[Provided data — start]

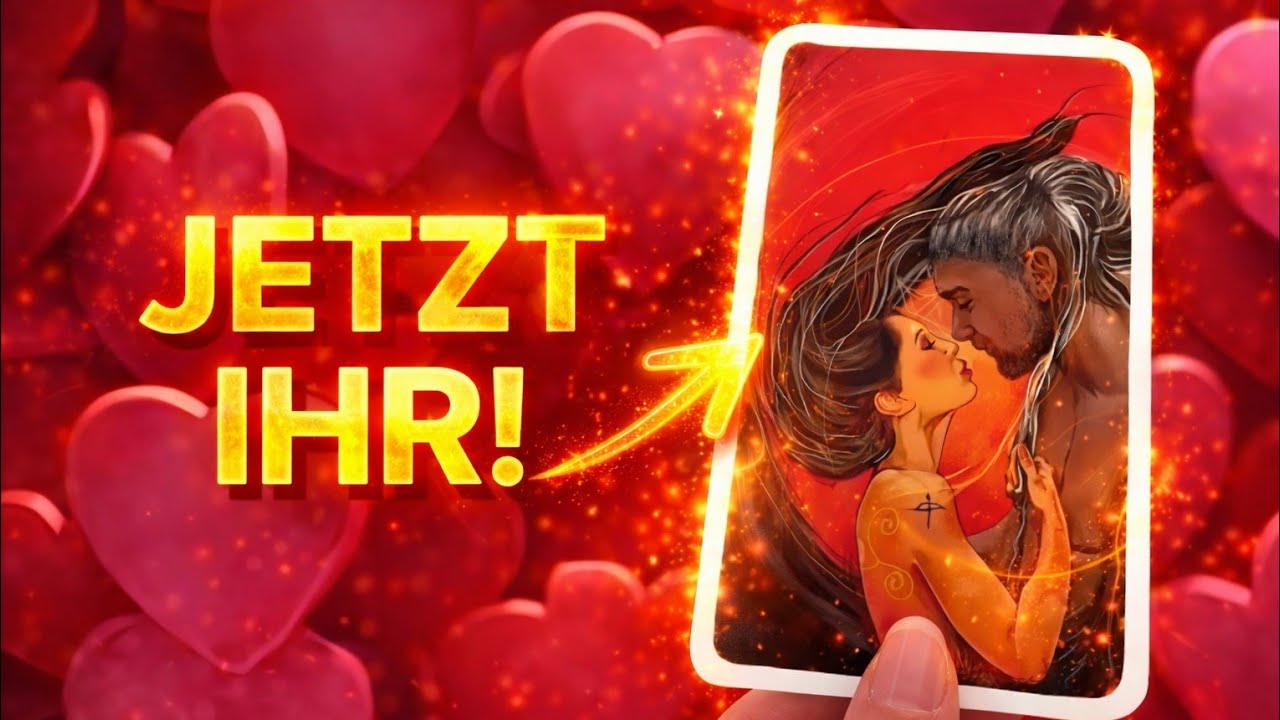   2Tage Bevor Es Eintrifft Findet Dich Dieses Orakel! JEMAND ERGREIFT INITIATIVE / Tarot Liebe WOW🥰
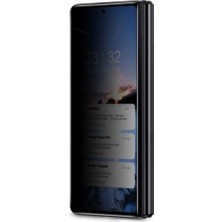 Schitec Honor Magic V3 Darbe Emici Premium Hayalet Ön Ekran Koruyucu Poliüretan Film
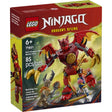 LEGO NINJAGO Kais Dragon Mech Battle Pack Building Set Multicolor 85 pc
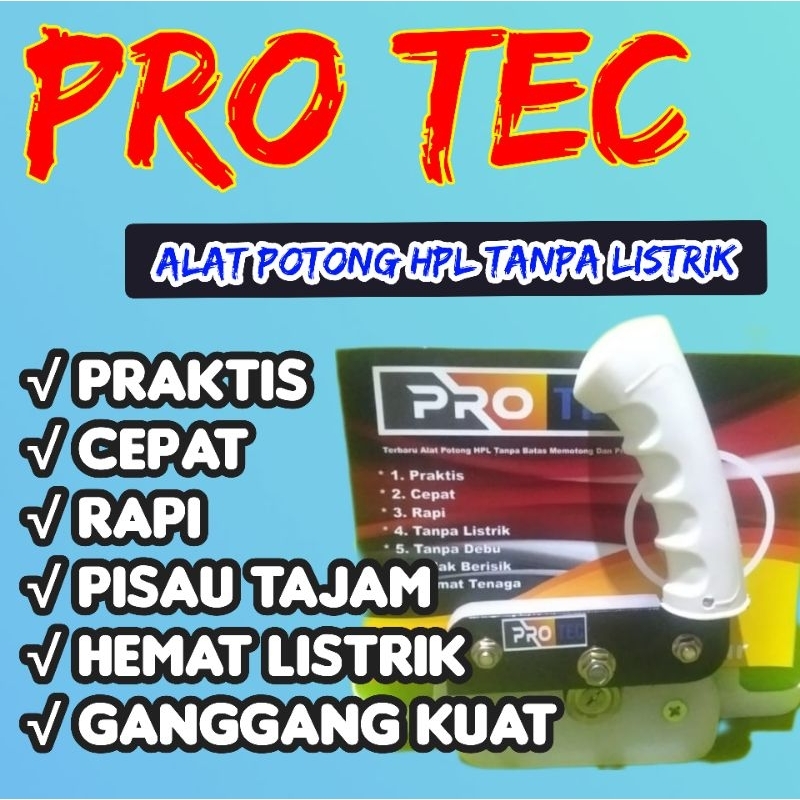 Jual Pro Tec Alat Potong Hpl Dan Trim Manual Alat Pemotong Hpl Manual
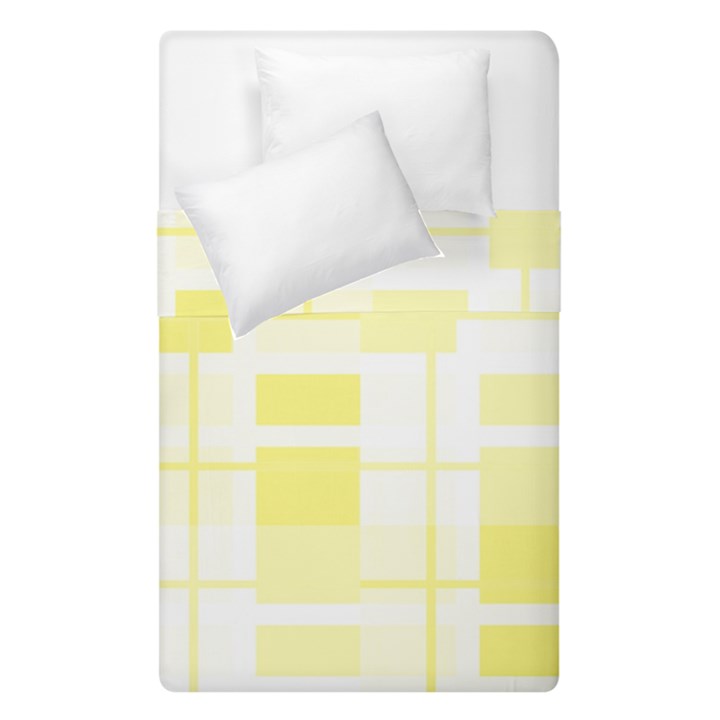 Pattern Duvet Cover Double Side (Single Size)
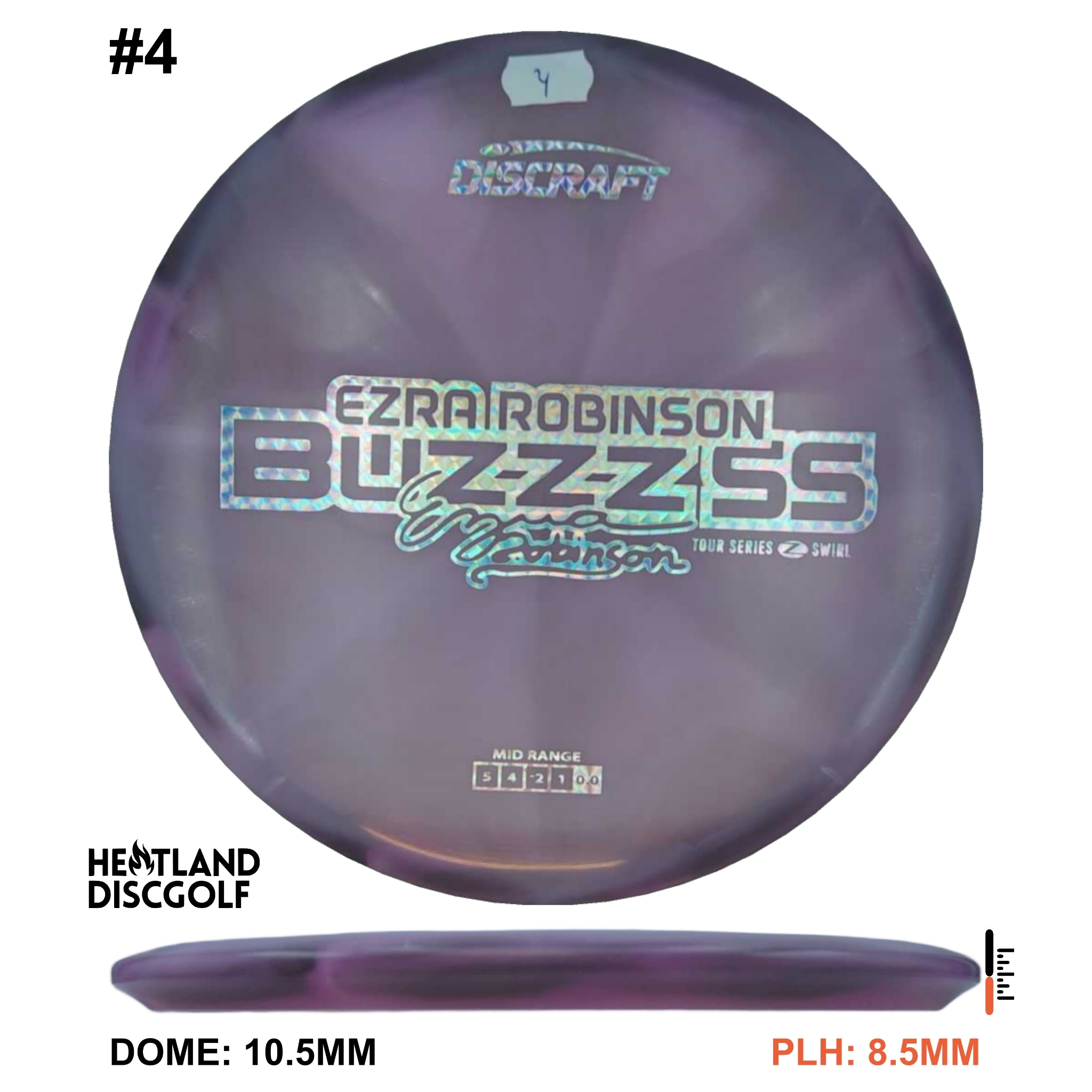 Z Swirl Buzzz SS - Ezra Robinson Tour Series 2025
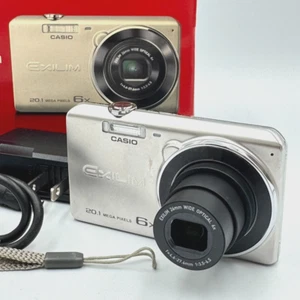 CASIO EXILM EX-ZS35 GOLD 20.1MP 6× Compact digital camera from Jpan - Picture 1 of 21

[Provided data — finish]

(What to produce) Every line from the one holding "Schitec Honor Magic" through the end of the records above must be reproduced verbatim, pictures excepted.

(Answer section)
 Schitec Honor Magic V3 Darbe Emici Premium Hayalet Ön Ekran Koruyucu Poliüretan Film
 LEGO NINJAGO Kais Dragon Mech Battle Pack Building Set Multicolor 85 pc
 Jual Pro Tec Alat Potong Hpl Dan Trim Manual Alat Pemotong Hpl Manual
 Pattern Duvet Cover Double Side (Single Size)
 Z Swirl Buzzz SS - Ezra Robinson Tour Series 2025
 CASIO EXILM EX-ZS35 GOLD 20.1MP 6× Compact digital camera from Jpan - Picture 1 of 21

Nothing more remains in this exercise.